Para tanto, invocou ser herdeiro legitimário de (…) e que este outorgou testamento a favor do Réu, o que fez desprovido do livre exercício da sua vontade, limitando-se a obedecer ao que lhe foi determinado pelo Réu, exteriorizando uma vontade que não era a sua; veio a falecer depois de dispor de todo o seu património em favor do Réu, sem causa justificativa; o testamento é inválido, seja por incapacidade acidental seja por coação moral, além de configurar um negócio usurário, aproveitando-se o Réu, que prestou assistência ao testador durante vários anos, da situação de inferioridade deste.

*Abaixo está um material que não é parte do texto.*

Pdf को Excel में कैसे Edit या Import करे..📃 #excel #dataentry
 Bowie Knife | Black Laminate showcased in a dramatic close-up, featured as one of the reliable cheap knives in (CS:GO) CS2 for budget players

O Réu, em sede de citação, impugnou a factualidade alegada na p.i., invocando que o testador nenhuma relação tinha com os filhos e não reconhecida o Autor como seu neto, considerando não ser filho do seu filho.

II – O Objeto do Recurso
Decorridos os trâmites processuais documentados nos autos, foi proferida sentença julgando a ação totalmente improcedente, absolvendo o Réu do pedido.
Inconformado, o Autor apresentou-se a recorrer, pugnando pela revogação da decisão recorrida, a substituir por outra que julgue a ação procedente, declarando inválido o testamento. As conclusões da alegação do recurso são as seguintes:
«1.ª – O Tribunal a quo deveria ter julgado procedente a ação com o fundamento de que se logrou fazer a prova de que (…), quando outorgou o testamento não sabia / entendia / compreendia o que fazia, ou, em alternativa, que só outorgou o testamento para obedecer ao que lhe fora determinado pelo Réu e sua companheira, exteriorizando assim uma vontade que era destes, não a sua, por temor de vir a sofrer consequências negativas caso lhes desagradasse.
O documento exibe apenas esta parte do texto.